Wichtige Erkenntnisse erlangte besonders die Stuttgarter Gruppe. Die Stuttgarter Gruppe – man hört in diesem Zusammenhang auch häufig den Begriff der Stuttgarter Schule – ist ein Zusammenschluss von Liebhabern der experimentellen Kunst. Die Vereinigung, der unter anderem Max Bense, Franz Mon, Ernst Jandl und Reinhard Döhl angehören, beschäftigt sich mit der Vielfalt der experimentellen Literaturpräsentation. Daher kommt es vor, dass Umsetzungen dieser Literaturwissenschaftler verwendet und digital weiterentwickelt werden. So digitalisiert Johannes Auer Reinhard Döhls Textgraphik „Apfel“ und erweckt unter dem Titel „worm applepie for döhl“ den Wurm zum Leben, indem er ihn sich langsam gestalterisch durch den Apfel fressen lässt. Die Erkenntnis, dass es sich dabei um einen Wurm handeln muss, ist mit der Assoziation der verschwindenden Zeichen verbunden. Der Leser wird aufgrund des kinetischen Effekts, den Auer mit dem Auflösen und Einsetzen der Buchstaben schafft, automatisch zur Interpretation angeregt. Interessant ist dabei: Den Wurm hat es in Döhls Text nie gegeben. Ein weiteres Beispiel für ein flash poem (ein in Bewegung versetztes Gedicht) ist das Gedicht „Staub“ von Manfred Arens. Nach und nach fallen Buchstaben und Punkte vom Bildschirm, erst ganz am Ende ist der vollständige Text aus Genesis 3,19 zu lesen. Arens wählt diese Performance aufgrund des semantischen Gehalts der Textstelle, die besagt, dass am Ende alles wieder zu Staub zerfällt.
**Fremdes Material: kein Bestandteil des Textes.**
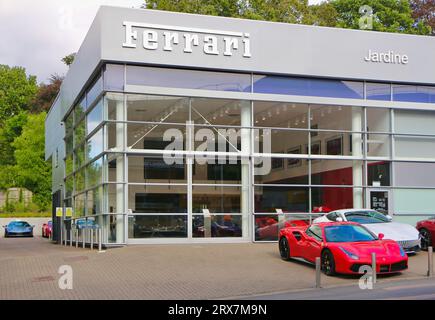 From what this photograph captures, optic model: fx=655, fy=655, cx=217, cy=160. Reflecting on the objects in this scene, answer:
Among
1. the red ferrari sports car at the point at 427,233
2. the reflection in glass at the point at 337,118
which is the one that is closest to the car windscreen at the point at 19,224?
the reflection in glass at the point at 337,118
Wie lässt sich dieses literarische Phänomen noch steigern? Durch Lautpoesie. Der Kanadier Jim Andrews kam auf die Idee, flash poems noch Geräusche und Töne hinzuzufügen. Ein interaktives Erlebnis schafft er in seinem bekannten Gedicht „Nio“. Durch Anklicken eines Zeichens wird dem Leser ein bestimmter Ton abgespielt. Klickt dieser also auf mehrere Zeichen hintereinander, entsteht zusätzlich zu dem Herunterpurzeln der Buchstaben ein Tonteppich, der ganz individuell zusammengestellt worden ist. Die traditionelle Poesie, wie wir sie kennen, bekommt im Zuge der Digitalisierung mit den flash poems und der sound poetry völlig neue Komponenten.

Bei der Cyberpoesie ist der Mensch nicht mehr der alleinige Schaffer eines Werkes. Der Computer als Maschine verhilft ihm stattdessen, seine Pläne und Vorstellungen von einer ästhetischen Vermittlung umzusetzen. Mit dem Cybernetic Poet hat der Autor und Futurist Ray(mond) Kurzweil in den 1980er Jahren eine Software entwickelt, die eigenständig Gedichte schreibt. Die einzige Voraussetzung ist, dass der Computer vorher poetische Werke verschiedener AutorInnen „liest“. Kurzweil ermöglicht auf diese Weise ganz neue Arten, Sprachsynthese zu betreiben. Dass der Director of Engineering von Google sich gut mit dem Zusammenhang von Maschine und Sprache auskennt, beweist der größte persönliche Erfolg seiner Karriere: Ray Kurzweil war es, der die „Kurzweil Reading Machine“, die Lesemaschine der Sehbehinderten für die Blindenschrift von Braille, erfand.